Players: 1+ Player Game | Genre: Real Time Strategy
Release Date: 10/15/07
I’ve said it before, and I’ll say it again – I suck at strategy games. As much as I like the genre, I am simply no good. The History Channel: Great Battles of Rome doesn’t help matters greatly because despite my best efforts, I still suck, but it does provide a level of accessibility that both veterans as well as those without a lot of experience will find something on offer here.
Great Battles of Rome is a blend of RPG and RTS gameplay. Players will earn money and fame as the General, then spend those to recruit various troops and units. Higher level troops will cost fame while regular troops cost Dinari. Certainly that’s not a “locked in stone” rule, but a general guideline. The units have various levels of abilities, such as health, endurance, armor penetration, etc. As they gain experience in battle, these can be upgraded. Weapons can be upgraded as well – and better weapons are of course more effective, and also could provide a morale boost as well.
A wide variety of troops and units are on offer, as one would expect. There is of course the general – whose presence on the battlefield is more for his own troops rather than as a combat unit. Players will also have access to archers, heavy and light infantry, cavalry and more, including elephants.
A lot of time will be spent in Army Camp, as this is where the configuring and upgrading of troops and units will take place.
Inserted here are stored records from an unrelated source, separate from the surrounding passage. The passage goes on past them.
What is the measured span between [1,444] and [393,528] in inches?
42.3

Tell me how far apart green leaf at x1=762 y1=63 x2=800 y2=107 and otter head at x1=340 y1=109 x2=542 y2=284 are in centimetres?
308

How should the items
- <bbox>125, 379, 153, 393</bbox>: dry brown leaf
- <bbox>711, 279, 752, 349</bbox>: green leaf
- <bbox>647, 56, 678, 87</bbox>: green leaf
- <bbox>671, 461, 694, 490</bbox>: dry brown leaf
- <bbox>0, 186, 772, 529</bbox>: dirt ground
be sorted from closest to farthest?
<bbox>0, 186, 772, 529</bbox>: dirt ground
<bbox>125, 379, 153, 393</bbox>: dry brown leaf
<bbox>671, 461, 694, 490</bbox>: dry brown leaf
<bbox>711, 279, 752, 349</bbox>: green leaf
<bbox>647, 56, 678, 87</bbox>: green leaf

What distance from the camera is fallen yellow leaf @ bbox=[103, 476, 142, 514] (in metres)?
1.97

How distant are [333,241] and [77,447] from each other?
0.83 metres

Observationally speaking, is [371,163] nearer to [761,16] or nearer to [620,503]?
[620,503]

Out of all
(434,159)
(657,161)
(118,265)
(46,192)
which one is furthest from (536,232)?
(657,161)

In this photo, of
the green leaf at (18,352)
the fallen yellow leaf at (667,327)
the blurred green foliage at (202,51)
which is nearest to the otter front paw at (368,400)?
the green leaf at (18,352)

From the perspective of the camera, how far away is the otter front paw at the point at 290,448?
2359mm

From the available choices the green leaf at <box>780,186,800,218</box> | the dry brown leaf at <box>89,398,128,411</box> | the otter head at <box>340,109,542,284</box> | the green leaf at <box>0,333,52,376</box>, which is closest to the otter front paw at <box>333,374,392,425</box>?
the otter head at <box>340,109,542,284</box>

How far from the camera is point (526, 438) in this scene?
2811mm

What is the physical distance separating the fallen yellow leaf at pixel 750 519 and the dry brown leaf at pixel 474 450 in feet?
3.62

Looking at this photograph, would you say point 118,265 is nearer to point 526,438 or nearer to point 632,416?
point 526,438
Then it is on to the Battle Plan, where units are places and players are able to issue “standing orders” (defensive, attack certain target, etc.). Of course during the battle, play can be paused and orders given or changed as necessary. At the end of the battle, the scenario can be replayed (even on fast forward) as a learning experience for the next battle.
If more than 100 battles on three different difficulty settings wasn’t enough, there is the ability to create a custom battle scenario as well as 1 on 1 LAN multiplayer. This is more of an “arcade” style skirmish mode where a variety of scenarios can be established as well as customizing the troop and map type - such as kill a certain percentage of the enemy, survive for XXX minutes, the enemy general must be killed, etc.
The game starts out going up against the various Italian tribes, eventually the Gauls and Samnites. With cutscenes (at least some) taken from the television program, the game looks to be as broad reaching as The History Channel’s series aims to be.
While I didn’t have the easiest time playing the game, I got a taste for what there will be on offer when the game launches. Yes, I don’t do well in the genre, but this one was fun enough to keep me coming back over the course of a week to try it out – and that says something about a game, at least to me. It’s not the game’s fault that I suck at strategy games, and Great Battles of Rome certainly has me coming back to keep working at getting better.
Certainly not catering to the "hardcore" strategy gamer, Great battles of Rome seems to have enough for all types, from casual fans to those familiar with the genre. The menus and interface need some cleaning up and streamlining, but it really is a solid offering so far.